Torpedo7
- The current logo, used since 2014
- Founded: 2004; 22 years ago in Hamilton
- Founder: Luke Howard-Willis; Guy Howard-Willis;
- Number of locations: 24 stores (2022)
- Parent: Tahua Partners
- Website: torpedo7.co.nz

= Torpedo7 =

New Zealand outdoor equipment retail chain

Torpedo7 was a New Zealand retailer that owned and operated several online stores, including Torpedo7 (a retailer of sports and outdoor equipment), 1-day.co.nz (an online daily deals site), and Number One Fitness (which sells exercise equipment).

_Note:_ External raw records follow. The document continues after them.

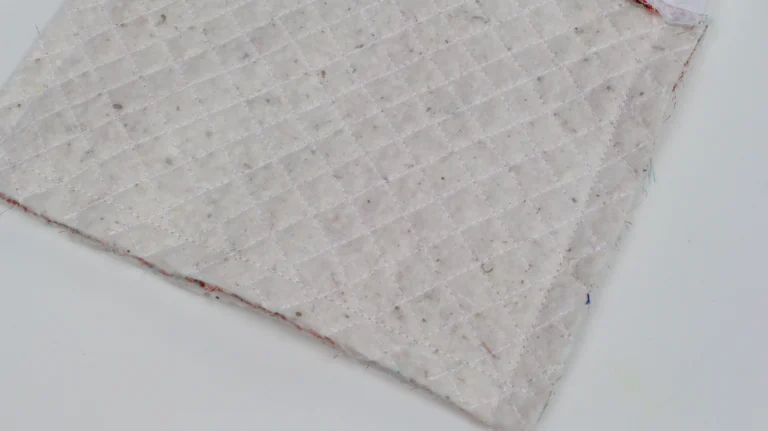 Close-up of quilted wadding attached to a wash bag exterior panel.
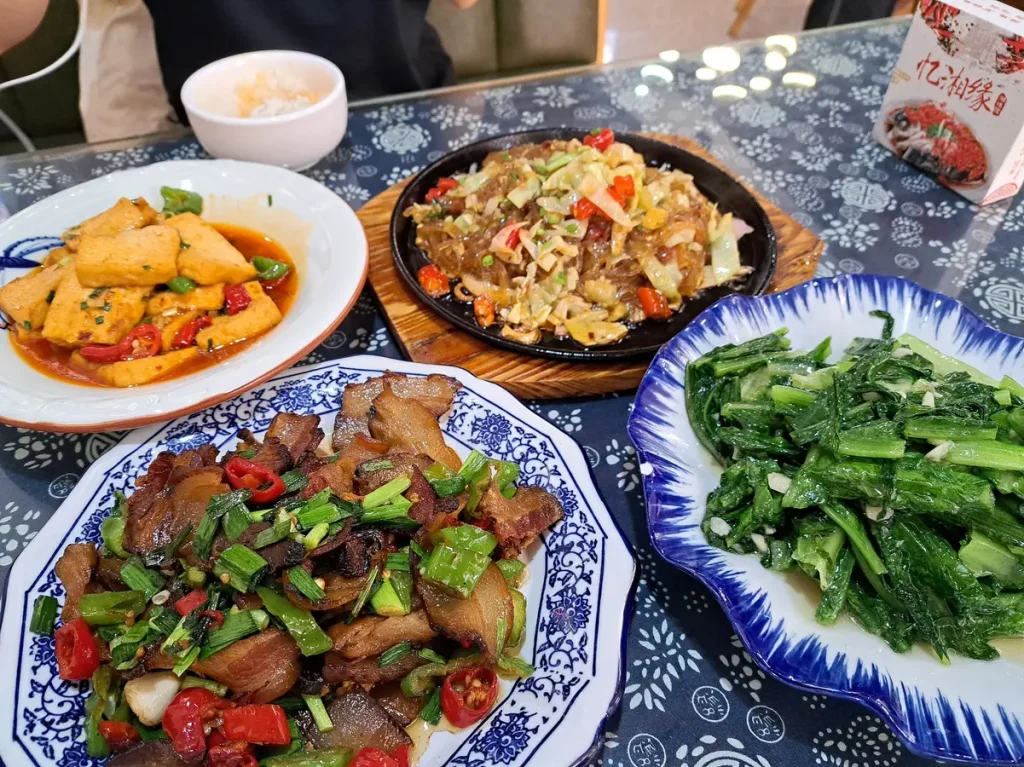 Auch diese Mahlzeit schmeckt prima. Es gibt Tofu, Glasnudeln, ein für diese Gegend typisches Speckgericht und grünes Gemüse.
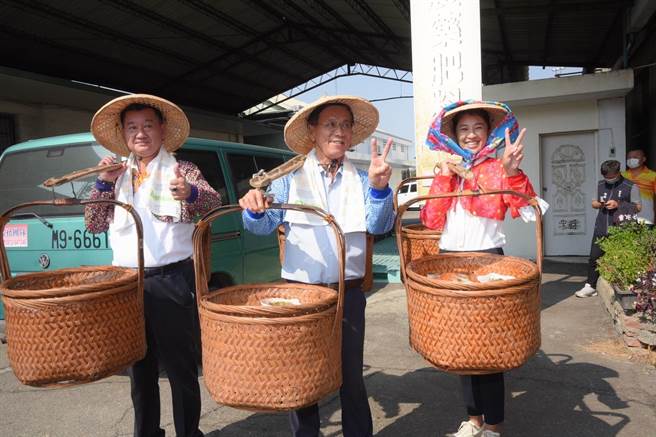 草屯农会举行千人割稻饭产业文化活动，许淑华（右起）、林明溱、简景贤担着「割稻饭」进场，场面热闹。（南投县府提供／杨静茹南投传真）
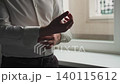 A man buttons the sleeves of his shirt and gets 140115612
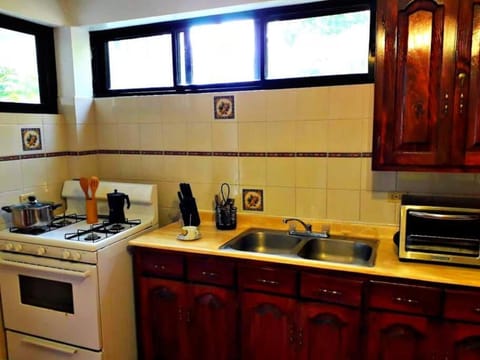 Kitchen or kitchenette, stove, toaster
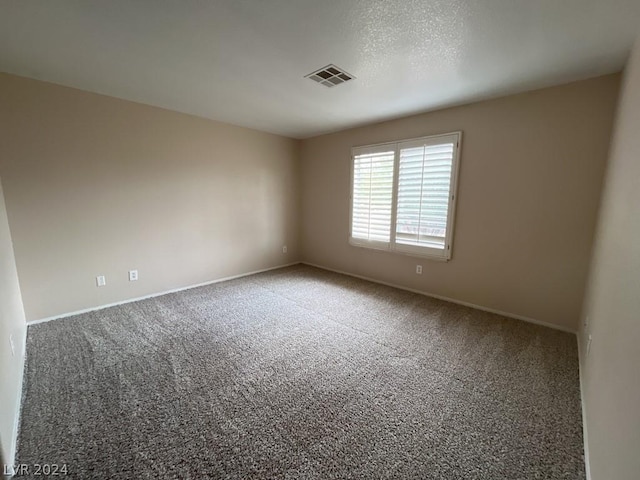 empty room featuring carpet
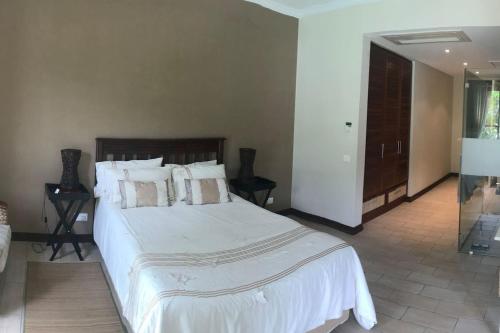 a bedroom with a large bed with white sheets and pillows at Eden Island Gem in Eden Island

Founded in 2004 by mountain bike enthusiast Luke Howard-Willis and his father, Guy Howard-Willis, Torpedo7 is based in Hamilton, New Zealand. In 2013, The Warehouse Group purchased a 51% stake in the company for NZ$33 million. It held full ownership through Torpedo7's parent company, Boye Developments Limited. Despite being fully owned by The Warehouse Group, Torpedo7 operated as an independent business.

In October 2014, seven R&R Sport stores, which were previously acquired by The Warehouse Group in December 2013, were rebranded as Torpedo7. This expansion included the addition of two new physical stores, marking Torpedo7's entry into the retail of physical stores. R&R Sport was originally established in 1981 in Dunedin as Recycled Recreation, a store specialising in second-hand sports gear.

In February 2024 The Warehouse Group sold Torpedo7 for $1 to Tahua Partners.